Fittingly, this CD was recorded pretty much live, and the sheer spirit of the ensemble certainly comes across in the infectious good humour of the performances. Mostly it sounds just like a bunch of mates having a good time and carrying the audience along with them. OK, so there's also a nagging suspicion at times that the crew are enjoying themselves a little too much, playing to the gallery for comic effect (Blow The Man Down) or indulging in overly "dramatic" rallentandi (Hullabaloo Belay), all of which may be suitably fun live but can pall on CD when on replay. Also, some of the vocal work errs on the side of traditionally-mummerset-jolly (raised on a diet of the Yetties), as on The Eddystone Light and The Broadside Man. And I guess the Whip Jamboree/Let The Bulgine Run combo overstays its welcome a touch.

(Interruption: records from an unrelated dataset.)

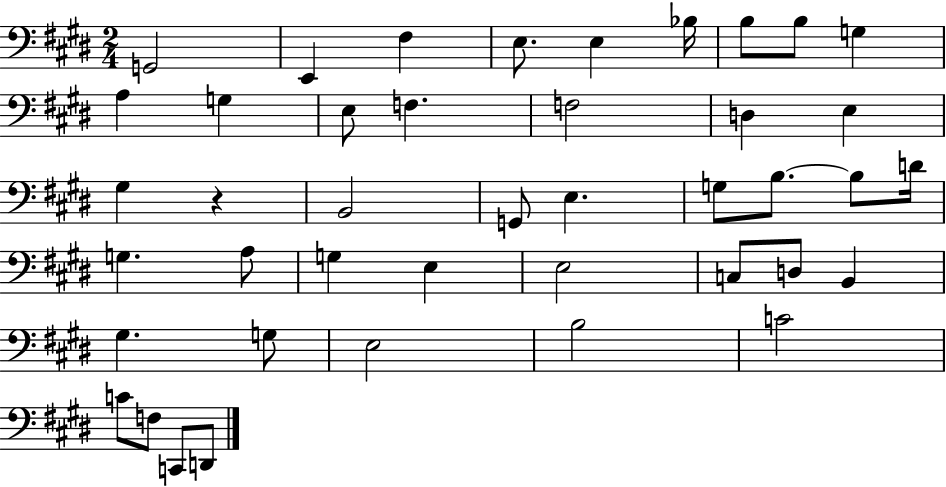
{
  \clef bass
  \numericTimeSignature
  \time 2/4
  \key e \major
  \repeat volta 2 { g,2 | e,4 fis4 | e8. e4 bes16 | b8 b8 g4 | \break a4 g4 | e8 f4. | f2 | d4 e4 | \break gis4 r4 | b,2 | g,8 e4. | g8 b8.~~ b8 d'16 | \break g4. a8 | g4 e4 | e2 | c8 d8 b,4 | \break gis4. g8 | e2 | b2 | c'2 | \break c'8 f8 c,8 d,8 | } \bar "|."
}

Final judgement? Well although with Admirals Hard one never quite feels the force of seven strong voices all singing together, even on the most raucous choruses, this group's blend and sound is (all things considered) both believable and valid as an accessible and at times stimulating alternative to the full-on bluster of a full-strength, full-time shanty-crew. And taking on board the group members' considerable instrumental chops, Admirals Hard certainly have plenty going for them - especially when they get down to refining their repertoire and taking some more chances.